Ceci étant, le conflit israélo-palestinien occulte d’autres conflits. Nous mentionnerons par exemple la crise du Darfour au Soudan qui affecte pourtant quelque 1,4 million de personnes chassées de leurs foyers par les djandjawids, alors que la guerre civile qui sévit dans la région depuis février 2003 a fait entre 30 000 et 50 000 morts, selon l'ONU.
On peut également s’interroger et considérer qu’il y a comme une étrangeté à présenter quotidiennement et méthodiquement un bilan des victimes (israéliennes et palestiniennes), alors qu’aucune autre comptabilité morbide n’est tenue pour parler des victimes d’autres conflits, guerres fratricides, guerres coloniales qui ne disent pas leur nom, tentatives d’ethnocides ou génocides avérés. Si le souci d’informer est légitime, pourquoi n’est-il donc pas systématique ?
Et puisque nous condamnons la violence qu’engendre la seconde Intifada et que nous comptabilisons les victimes, nous voulons rappeler et comparer ce bilan à un autre bilan, celui des victimes de la guerre d’Algérie (du 1er novembre 1954 au 19 mars 1962). Nous savons que ce rappel est certes délicat parce que l’on ne peut comparer les conflits (et les deux conflits sont différents) et que toute comparaison peut se révéler aussi historiquement fausse, qu’illusoire et inutile.
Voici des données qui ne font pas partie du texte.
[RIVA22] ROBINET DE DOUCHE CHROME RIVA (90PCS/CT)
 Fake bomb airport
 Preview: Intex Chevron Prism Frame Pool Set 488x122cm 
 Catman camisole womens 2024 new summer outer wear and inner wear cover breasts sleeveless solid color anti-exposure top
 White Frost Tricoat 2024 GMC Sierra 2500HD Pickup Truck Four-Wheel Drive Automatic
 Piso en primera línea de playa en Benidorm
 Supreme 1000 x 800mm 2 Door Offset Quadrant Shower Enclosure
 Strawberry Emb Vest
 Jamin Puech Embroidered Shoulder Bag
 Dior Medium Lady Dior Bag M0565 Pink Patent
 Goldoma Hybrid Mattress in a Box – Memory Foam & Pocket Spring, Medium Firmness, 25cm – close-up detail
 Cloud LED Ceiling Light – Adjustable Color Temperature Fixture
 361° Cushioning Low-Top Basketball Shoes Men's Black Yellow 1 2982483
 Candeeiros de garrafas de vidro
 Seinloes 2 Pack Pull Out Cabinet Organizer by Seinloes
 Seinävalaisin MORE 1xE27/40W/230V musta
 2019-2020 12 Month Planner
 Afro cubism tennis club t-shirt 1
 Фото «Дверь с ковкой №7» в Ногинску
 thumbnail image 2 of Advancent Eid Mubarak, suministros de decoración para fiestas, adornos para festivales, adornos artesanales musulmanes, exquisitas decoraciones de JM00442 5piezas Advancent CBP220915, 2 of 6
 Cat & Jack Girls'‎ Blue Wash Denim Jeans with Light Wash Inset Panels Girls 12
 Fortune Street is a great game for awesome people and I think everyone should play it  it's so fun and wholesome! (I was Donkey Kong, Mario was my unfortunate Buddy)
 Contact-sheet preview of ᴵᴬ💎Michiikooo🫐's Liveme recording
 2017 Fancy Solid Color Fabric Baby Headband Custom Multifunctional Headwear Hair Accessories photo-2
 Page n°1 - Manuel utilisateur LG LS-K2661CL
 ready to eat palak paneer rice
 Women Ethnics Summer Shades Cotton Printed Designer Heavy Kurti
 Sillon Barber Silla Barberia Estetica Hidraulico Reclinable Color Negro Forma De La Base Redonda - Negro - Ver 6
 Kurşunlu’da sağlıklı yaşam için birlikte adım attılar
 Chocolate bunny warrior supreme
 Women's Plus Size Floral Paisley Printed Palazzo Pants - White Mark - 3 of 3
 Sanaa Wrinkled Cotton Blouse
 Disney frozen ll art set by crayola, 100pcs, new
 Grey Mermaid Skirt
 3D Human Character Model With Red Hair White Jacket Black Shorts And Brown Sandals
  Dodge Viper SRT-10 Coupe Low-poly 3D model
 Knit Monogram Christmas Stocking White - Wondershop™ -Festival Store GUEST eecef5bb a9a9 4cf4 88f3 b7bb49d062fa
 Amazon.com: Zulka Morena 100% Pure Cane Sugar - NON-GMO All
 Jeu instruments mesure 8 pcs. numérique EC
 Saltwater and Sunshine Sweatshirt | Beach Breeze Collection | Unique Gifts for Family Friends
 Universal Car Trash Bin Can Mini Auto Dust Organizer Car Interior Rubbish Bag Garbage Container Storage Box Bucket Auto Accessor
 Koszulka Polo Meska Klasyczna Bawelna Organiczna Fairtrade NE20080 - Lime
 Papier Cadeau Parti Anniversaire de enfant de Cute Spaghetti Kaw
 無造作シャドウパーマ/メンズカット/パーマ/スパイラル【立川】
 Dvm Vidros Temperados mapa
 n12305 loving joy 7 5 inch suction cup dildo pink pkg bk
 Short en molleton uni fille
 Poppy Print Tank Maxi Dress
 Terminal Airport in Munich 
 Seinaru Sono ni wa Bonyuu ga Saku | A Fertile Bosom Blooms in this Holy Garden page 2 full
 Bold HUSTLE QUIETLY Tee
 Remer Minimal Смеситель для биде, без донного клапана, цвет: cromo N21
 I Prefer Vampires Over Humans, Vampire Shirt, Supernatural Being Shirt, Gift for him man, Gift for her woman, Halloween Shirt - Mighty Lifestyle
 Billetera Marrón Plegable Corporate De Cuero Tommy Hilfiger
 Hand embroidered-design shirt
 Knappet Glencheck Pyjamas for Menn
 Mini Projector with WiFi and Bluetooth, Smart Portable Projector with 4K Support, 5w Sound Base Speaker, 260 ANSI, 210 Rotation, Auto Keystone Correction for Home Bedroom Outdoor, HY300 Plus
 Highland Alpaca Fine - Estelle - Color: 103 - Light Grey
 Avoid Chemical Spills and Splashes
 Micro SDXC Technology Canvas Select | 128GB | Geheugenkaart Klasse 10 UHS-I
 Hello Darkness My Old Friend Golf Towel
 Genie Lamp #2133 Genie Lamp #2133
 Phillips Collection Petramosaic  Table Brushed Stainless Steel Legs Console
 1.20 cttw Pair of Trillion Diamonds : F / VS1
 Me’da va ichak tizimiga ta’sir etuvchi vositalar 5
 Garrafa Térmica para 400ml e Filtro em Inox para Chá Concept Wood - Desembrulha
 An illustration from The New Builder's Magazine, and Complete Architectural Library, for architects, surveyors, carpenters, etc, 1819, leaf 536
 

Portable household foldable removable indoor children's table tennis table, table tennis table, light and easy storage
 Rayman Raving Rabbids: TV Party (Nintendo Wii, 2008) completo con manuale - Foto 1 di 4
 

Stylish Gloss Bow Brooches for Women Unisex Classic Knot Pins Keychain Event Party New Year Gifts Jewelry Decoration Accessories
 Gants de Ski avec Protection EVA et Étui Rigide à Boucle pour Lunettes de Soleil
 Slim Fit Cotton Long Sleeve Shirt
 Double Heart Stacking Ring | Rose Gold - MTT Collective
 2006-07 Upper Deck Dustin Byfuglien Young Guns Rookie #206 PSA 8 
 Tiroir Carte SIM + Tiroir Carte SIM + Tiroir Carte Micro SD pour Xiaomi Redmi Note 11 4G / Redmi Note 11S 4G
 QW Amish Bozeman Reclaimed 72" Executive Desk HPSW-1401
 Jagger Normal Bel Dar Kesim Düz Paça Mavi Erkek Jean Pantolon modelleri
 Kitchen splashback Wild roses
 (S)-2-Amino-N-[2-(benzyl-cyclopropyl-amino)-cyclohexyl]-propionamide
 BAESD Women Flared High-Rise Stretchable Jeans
Pourtant et avec toutes les prudences d’usage, ce simple rappel devrait permettre de situer ce qu’il en est (hélas) de cette seconde Intifada, de ce qu’il en fut il y a quelques décennies (hélas toujours) de la guerre d’Algérie : un conflit trop largement occulté, encore aujourd’hui.
Bilan des victimes de la guerre d’Algérie
Des études récentes (1) estiment que le nombre des victimes de l’armée française, du FLN et de l’OAS, musulmans et Européens confondus, entre 1954 et 1962 s’élève entre 200.000 et 300.000 morts (entre 250 000 à 300 000 selon Xavier Yacono (dans une étude réalisée en 1983) ou entre 200 000 et 250 000 selon Charles-Robert Ageron). Dans un article récent du Nouvel Observateur (28 février 2002), Jean-Paul Mari évalue à 250 000 Algériens et à 30 000 Français le nombre des morts de cette guerre meurtrière et cruelle.
- Les pertes militaires françaises - Français de métropole et d'Algérie, « Français musulmans », légionnaires - sont les mieux connues : 27 500 militaires tués et un millier de disparus.
- Pour les civils français d'Algérie, 1e nombre est de 2 788 tués et 875 disparus jusqu'au cessez-le-feu. Il faut y ajouter 2 273 disparus entre le 19 mars - date de l'entrée en vigueur du cessez-le-feu et le 31 décembre 1962, dont plus de la moitié sont officiellement décédés.
Les pertes de la population algérienne
- Elles sont très difficiles à évaluer, car les sources sont divergentes. Le général de Gaulle parlait de 145 000 victimes en novembre 1959, et de 200 000 en novembre 1960. Du côté algérien, le FLN compte en 1964 « plus d'un million de martyrs ».
- Des historiens se sont penchés sur la question : Guy Pervillé s'est appuyé sur des données démographiques - notamment les recensements de 1954 et 1966 - pour conclure à une fourchette de 300 000 à 400 000 victimes.
- Enfin, le chiffre le plus difficile à établir est celui des supplétifs musulmans - les « harkis » - après le cessez-le-feu ; pour eux, les estimations varient entre 30 000 et 100 000 personnes.
- Pour être complet, il faudrait ajouter à ce bilan quelques milliers de tués - au Maroc et en Tunisie, dans les conflits frontaliers (Sakhiet), en France, du fait des différents terrorismes (OAS, FLN), des règlements de compte, de la répression policière (Charonne ou le 17 octobre 1961), et de l'exécution des condamnés à mort.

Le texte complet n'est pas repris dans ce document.